What is the meaning of size of government? To me, size refers to how big government is … the size of the organizational chart. On the other hand, some use size of government to refer to the amount the government spends. However, amount refers to the number of dollars involved. If the org chart remains the same, a budget decrease means the amount spent decreases while the government’s size remains the same. Of course, some also incorrectly use size of government when they actually mean the role of government.

Does the user mean debt or deficit? The two are not interchangeable terms. The recent debate involves plans for deficit reduction, but not necessary the debt. Yep, they actually agreed upon a budget decrease that reduces the rate of debt increase. That is, the debt still increases.

Deficit and surplus refer to the difference between income and spending – specifically, during a particular 12-month fiscal year. If income is greater, that’s a surplus. If spending is greater, that is a deficit. In other words, deficit and surplus only refer to a one-year period.

Debt is a long-term word involving an ongoing accumulation of yearly deficits. Interestingly, if the surplus does not cover the interest on the debt, a surplus does not reduce the debt. Even the GOP recognizes that it will take 10-years of concentrated deficit reduction to reach a point of the debt not increasing. Yep, at that point, a large debt remains.
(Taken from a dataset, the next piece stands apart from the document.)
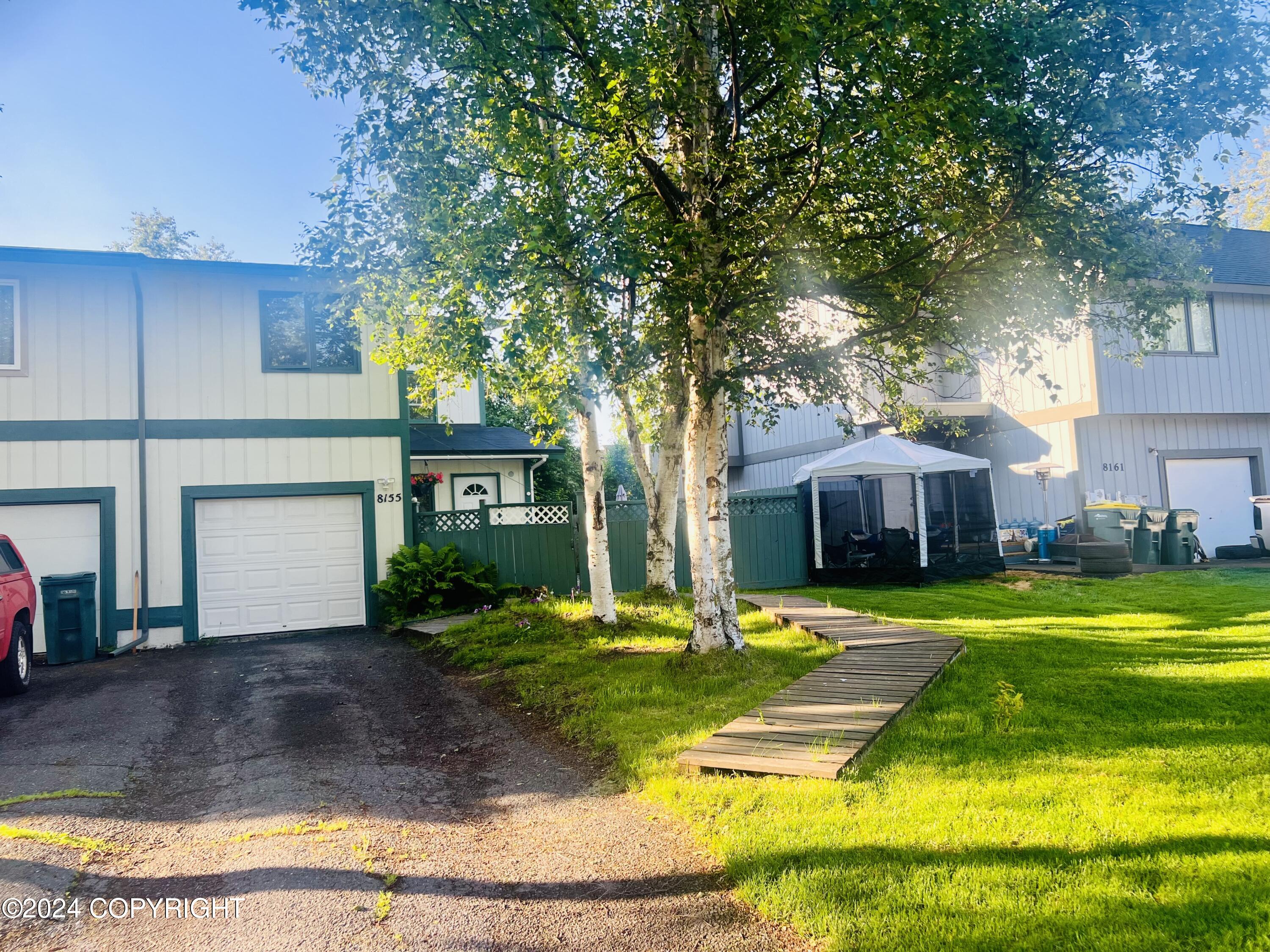 Country Woods Dr, Anchorage, AK 99502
The moral of this post is the following. As you either listen or read the commentaries, or even better, read comments and letters to the editor or comments on blogs, take note of these terms and you will notice correct and incorrect use … and misleading use.
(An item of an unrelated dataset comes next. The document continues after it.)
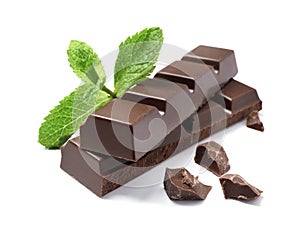 Pieces of dark chocolate with mint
3 thoughts on “On Playing with Words

  1. Deficit and debt are two of the key phrases in this whole government financial mess. While many have talked about the Clinton-era surpluses, all this meant was we did not grow the overall debt. Even if we cut the deficit, as you very accurately point out, we do still grow the debt, just at a slower rate. Even the news media can mix up these terms. I’ve heard it said we have a $14+ trillion deficit (no, it ain’t THAT bad) and that the country has an overall $1.4+ trillion debt (that would be REALLY nice).
    I think that’s a large part of the financial problems we’ve been having within the government – not everyone is using the same terms, or in the same context. “Smaller government” has to be better defined, or we end up turning circles trying to decide how to get there. Otherwise, we risk running afoul of such duplicitous terms as “no new taxes”.
    And let’s hope our worries remain only financial – that our cities do not go the route of those in England, especially Philadelphia as it teeters on the brink. Our cities have suffered too much, for youthful indiscretions and misguided protests to cause potentially fatal damage. God bless and care for our “mother country”.


    • John,
      “not everyone is using the same terms, or in the same context” … that is a powerful statement and the essence of my post. Candidates should define “smaller government”, then again, they will do so with sound bytes that don’t answer the question. Meanwhile, let us hope for cooler heads across the pond. Thanks for sharing.


  2. We know sociologically that language precedes thought. How you speak about something is how you ultimately think about it. Sow a word, reap a thought. Sow a thought, reap an action…. and so on.

    Both media and government have become very adept at tailoring words to change or derange the thought process of the american public. This, combined with the fact schools no longer teach or encourage critical thinking (since it is not on the test…) gives us the current voting patterns and predicaments.